The real issue in this is a President is not elected to these 49 United States, but Constitutionally must be elected by all 50 states, unless they have seceded from the Union as the Confederates did. Unless an event as that has taken place, the Constitution is not about Electoral Colleges or being ratified by Congress, but it is about the Union electing a President of all 50 states.
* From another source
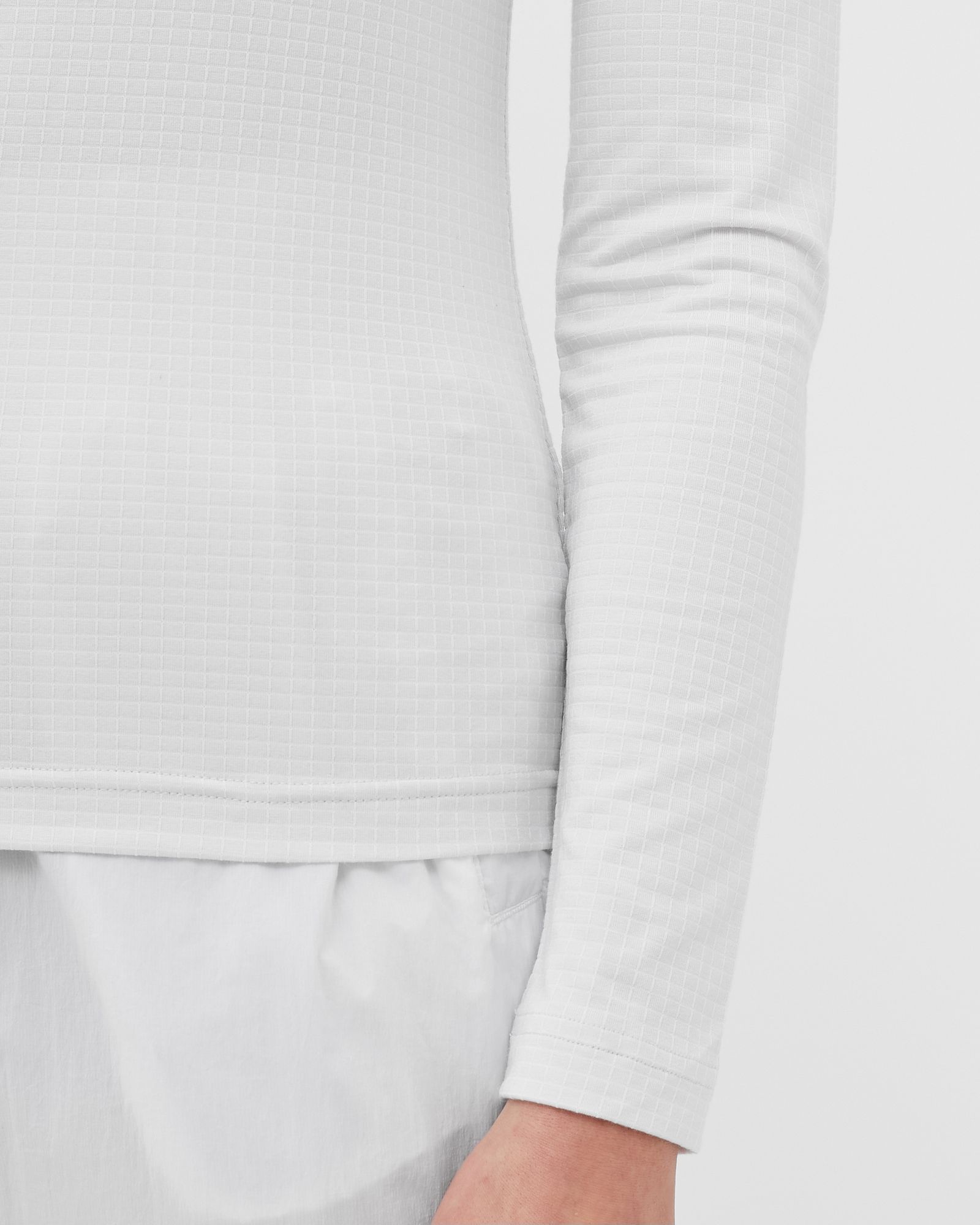 WMNS Longsleeve Mock Top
Understand that any President can loose the popular vote as President Bush had, and win the electoral votes, along with numerous states, but no President can be President of these United States if he is not on the ballot or certified in all 50 states.
Scholars have missed this ultimate check and balance in the "silence of the Constitution". No state can keep any legal candidate off the ballot, but a state can keep anyone off the ballot who does not provide legal documentation they are qualified to be President.
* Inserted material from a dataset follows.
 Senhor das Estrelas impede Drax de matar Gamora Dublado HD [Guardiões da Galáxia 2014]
That is the Constitution at it's core in the Articles concerning the Presidency. 49 states can state a fraud can be President in their super majority, but if one state demands proof and the candidate does not provide that legal proof, the one state in checks and balances can negate a national Presidential Election.
There is no court nor Supreme Court which can undo this
Do you possibly have a link for this language?
This is ridiculous. There is no such requirement. You could have a situation where someone was on the ballot of only one state, won that, threw the election from the electoral college to the House, and won there. That would be perfectly legal. How many state ballots do you think Gerald Ford was on before he was President?
Do you have a link to the actually law for this???